[Supplied data Boundary: Start]
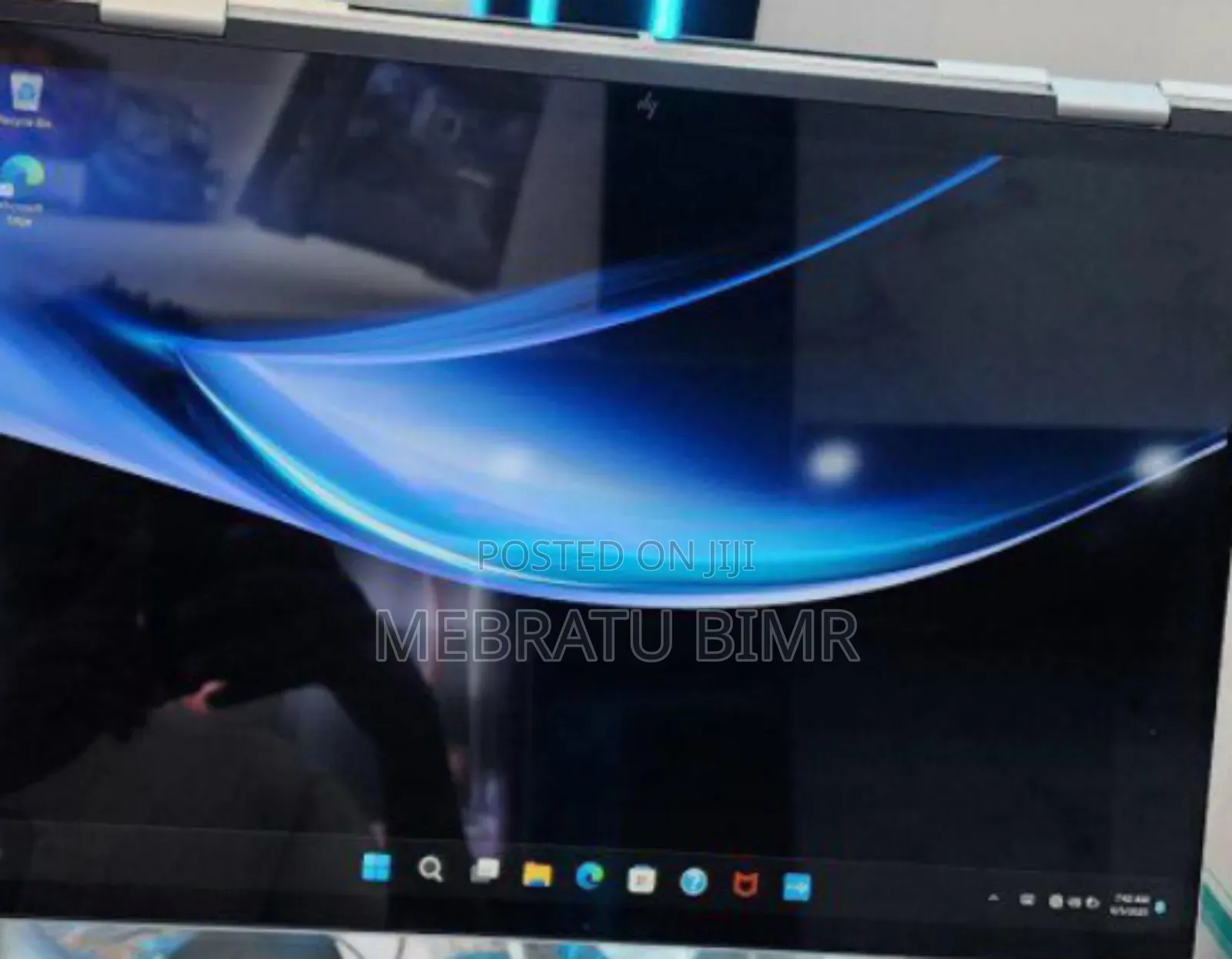 New Laptop HP Envy X360 16GB Intel Core I7 SSD 1T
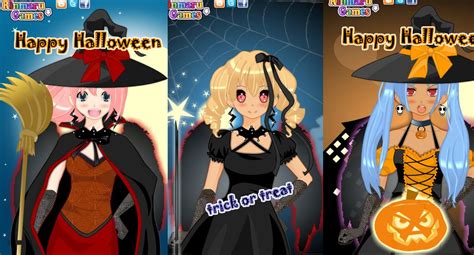 anime witch make over game by pichichama on deviantart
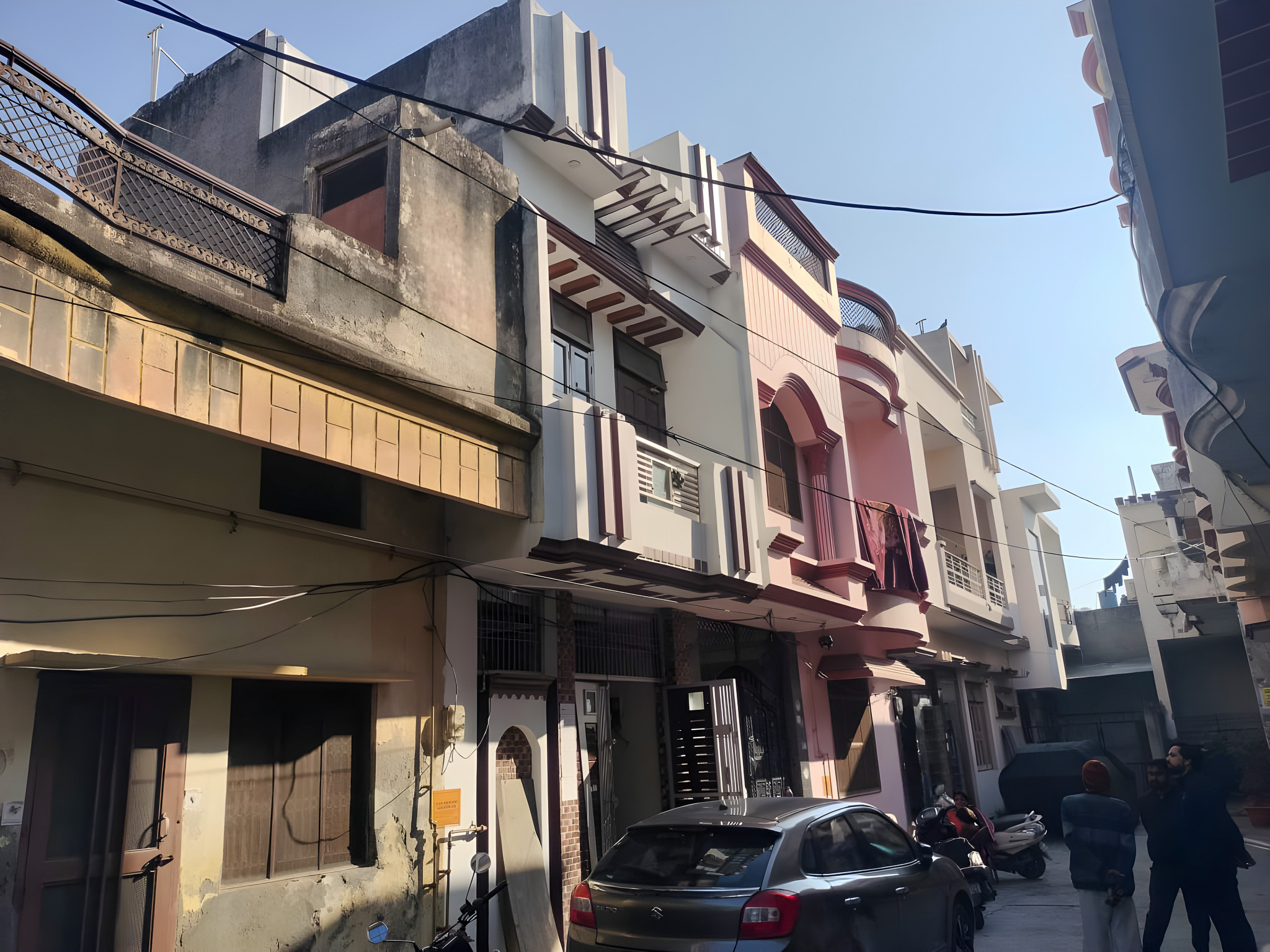 44.59 square meter Individual House for sale in Muzaffarnagar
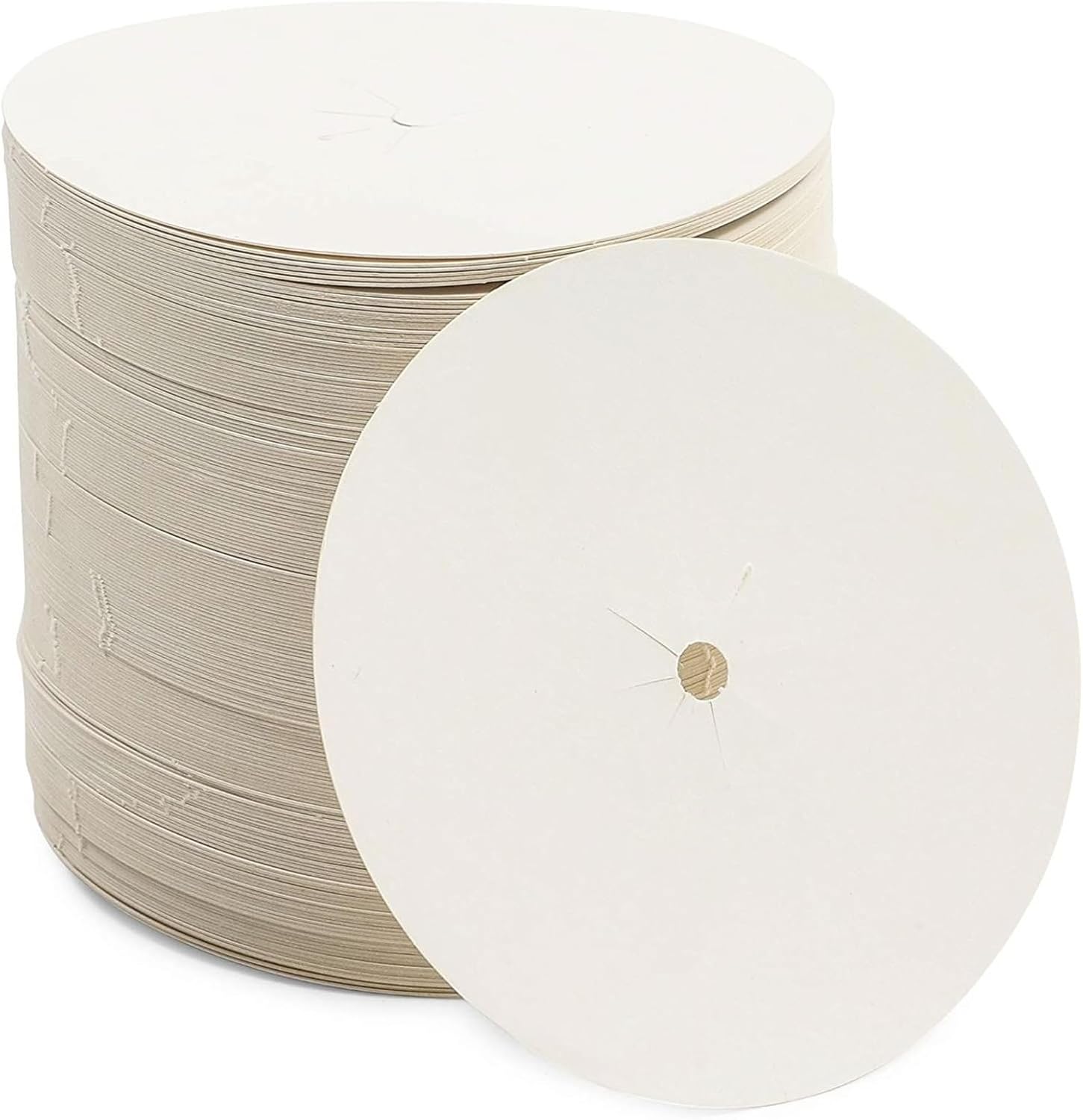 Juvale Candle Drip Protectors for Vigils 3 In 200 Pack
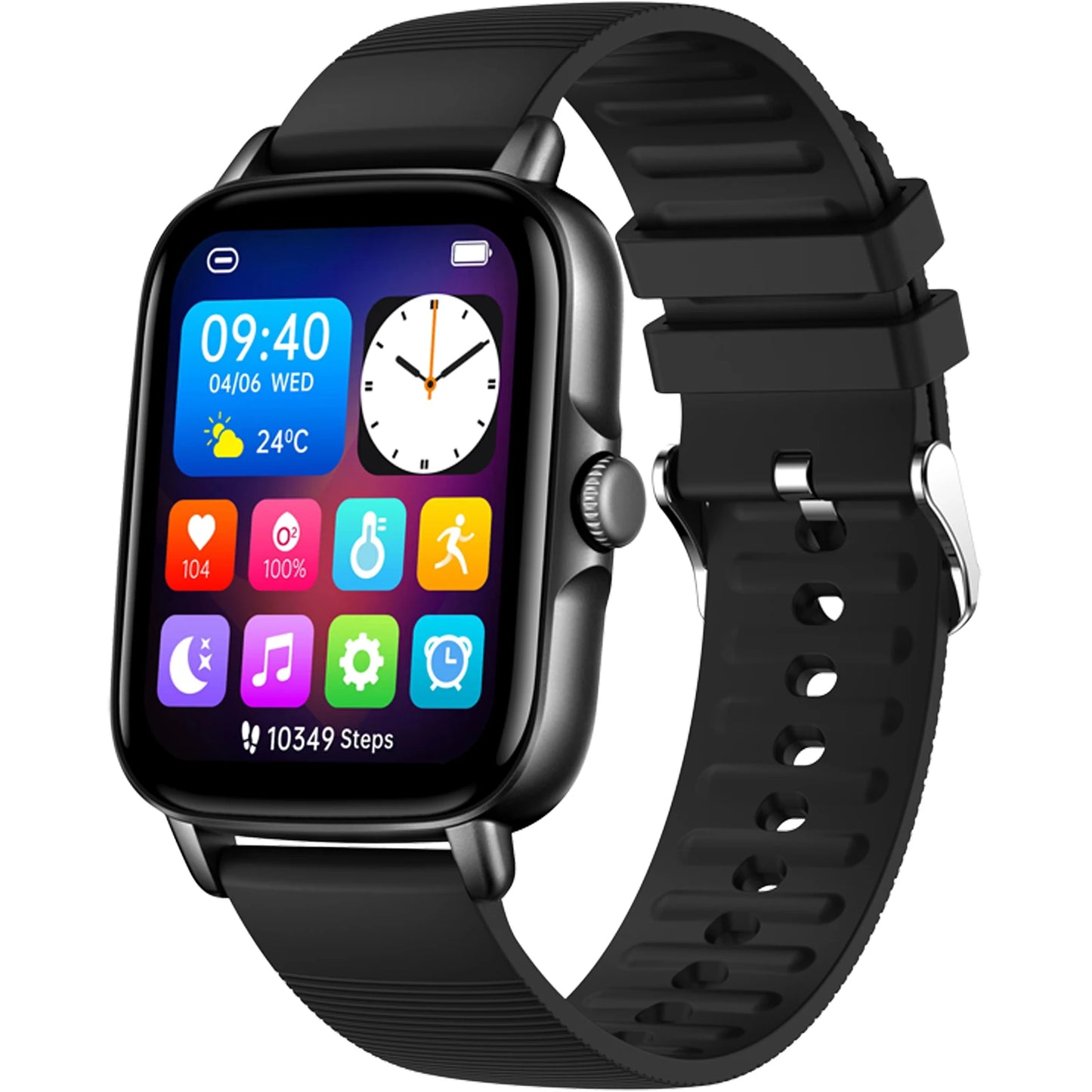 2026 Smart Watch for Men Women Fitness Tracker with Heart Rate/Sleep Monitor Activity Tracker 1.83" HD Waterproof Watch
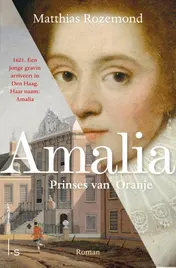 Omslag van Amalia
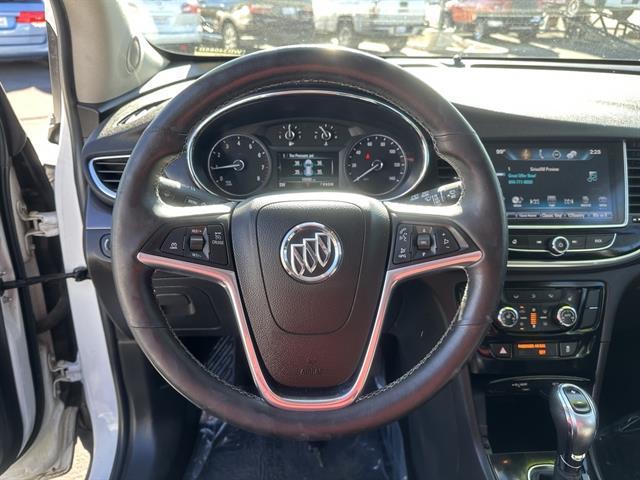 used 2018 Buick Encore car, priced at $10,990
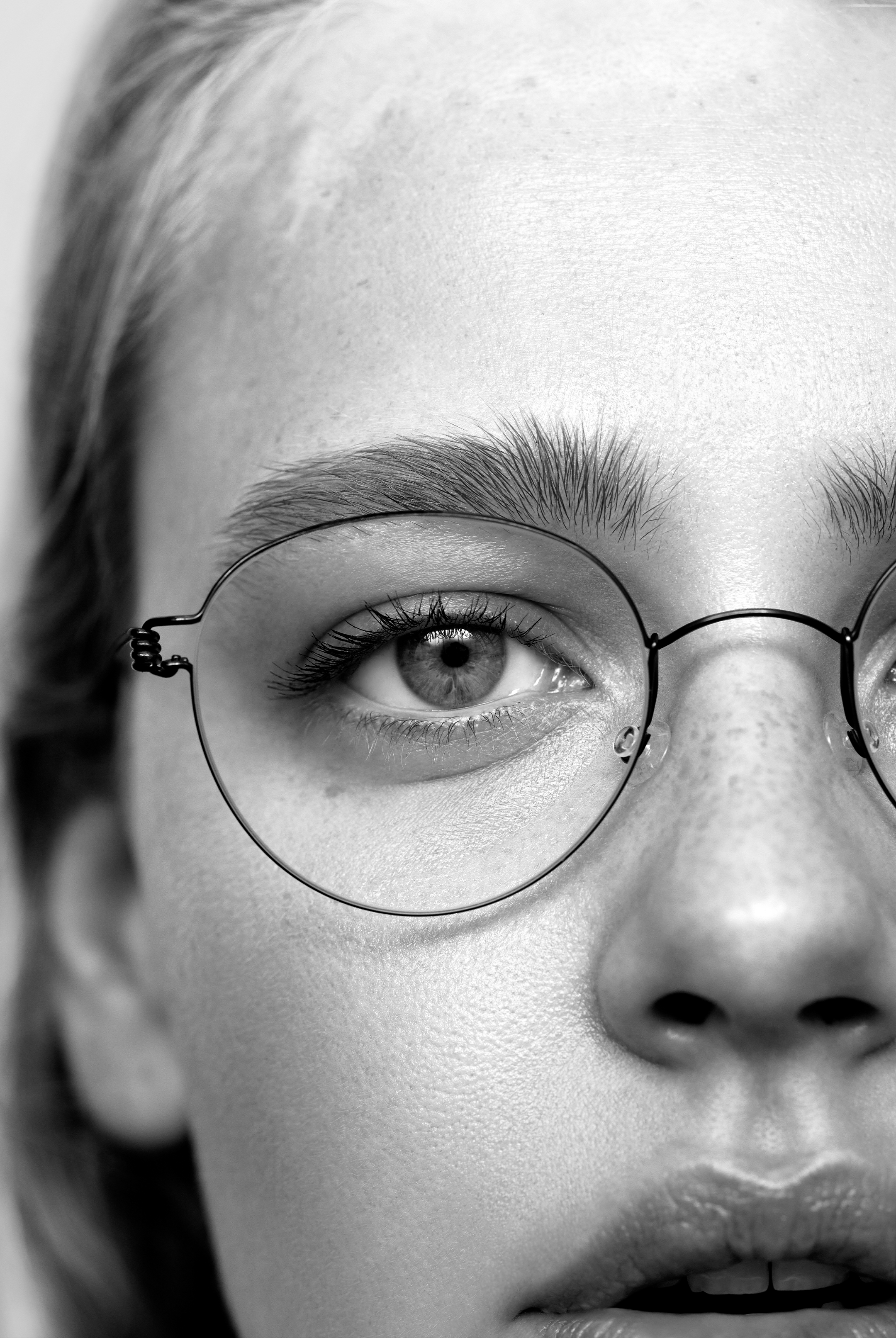 Panto 9 Eyeglasses Frames by Dolomiti Eyewear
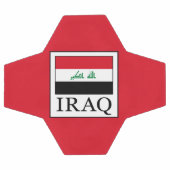 Irak Fußball (Flach)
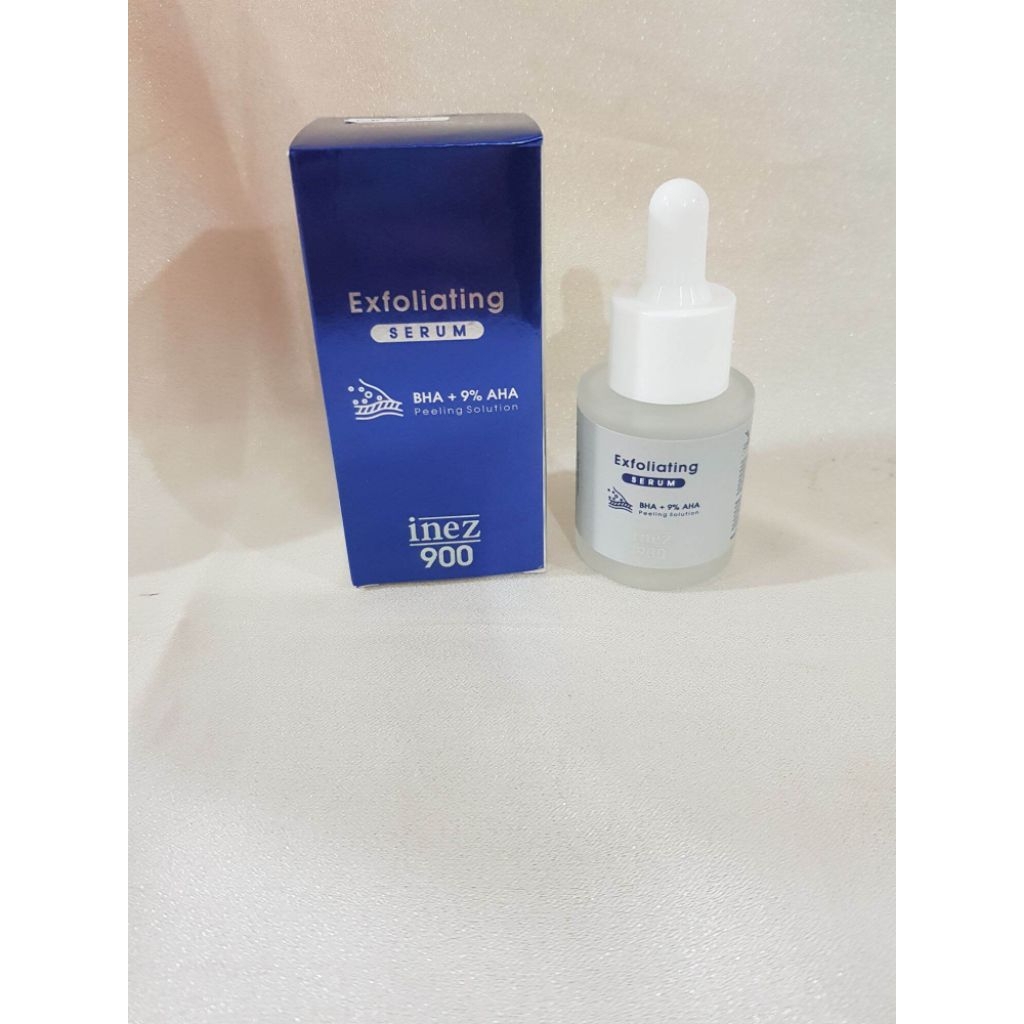 expoliating serum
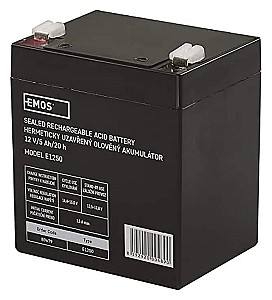 Acumulator UPS EMOS Faston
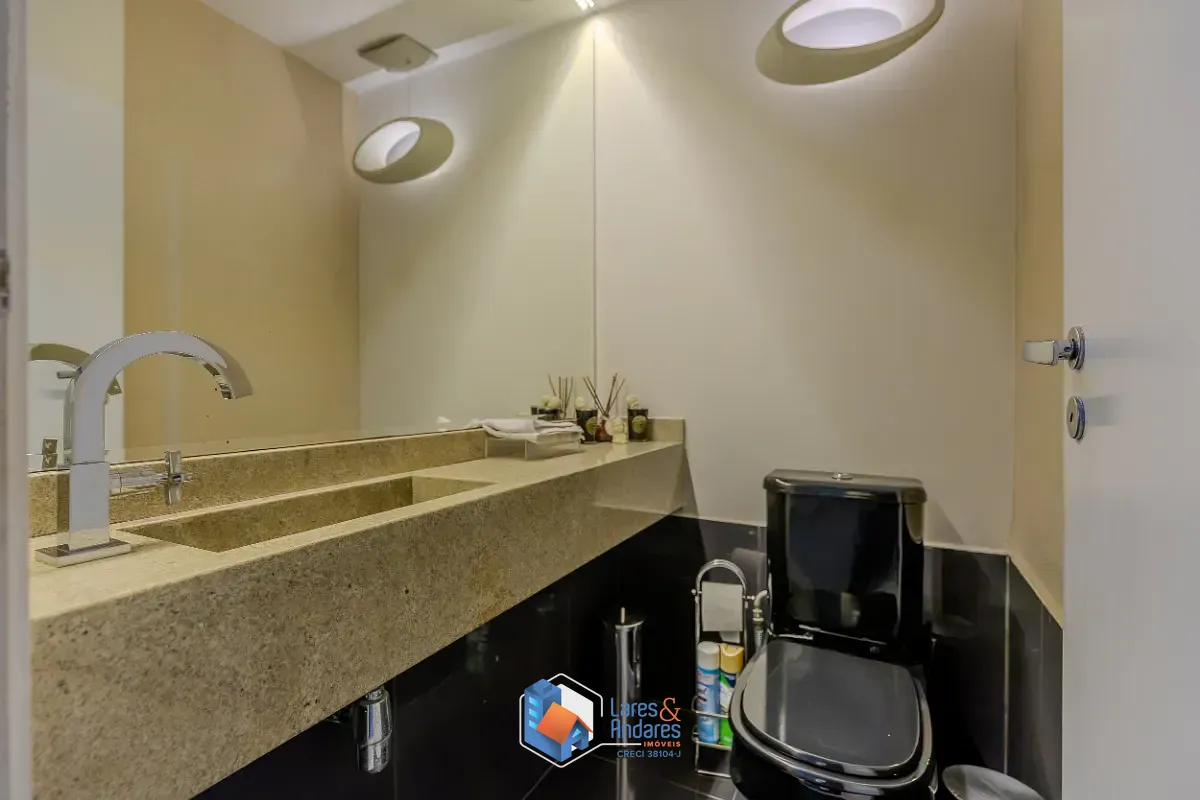 Apartamento, 3 quartos, 167 m² - Foto 13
[Supplied data Boundary: End]
■ Exercise requirements
Your job is to transcribe the records exactly and in full. Pictures are not part of the copy.

■ Solution to the exercise
 New Laptop HP Envy X360 16GB Intel Core I7 SSD 1T
 anime witch make over game by pichichama on deviantart
 44.59 square meter Individual House for sale in Muzaffarnagar
 Juvale Candle Drip Protectors for Vigils 3 In 200 Pack
 2026 Smart Watch for Men Women Fitness Tracker with Heart Rate/Sleep Monitor Activity Tracker 1.83" HD Waterproof Watch
 Omslag van Amalia
 used 2018 Buick Encore car, priced at $10,990
 Panto 9 Eyeglasses Frames by Dolomiti Eyewear
 Irak Fußball (Flach)
 expoliating serum
 Acumulator UPS EMOS Faston
 Apartamento, 3 quartos, 167 m² - Foto 13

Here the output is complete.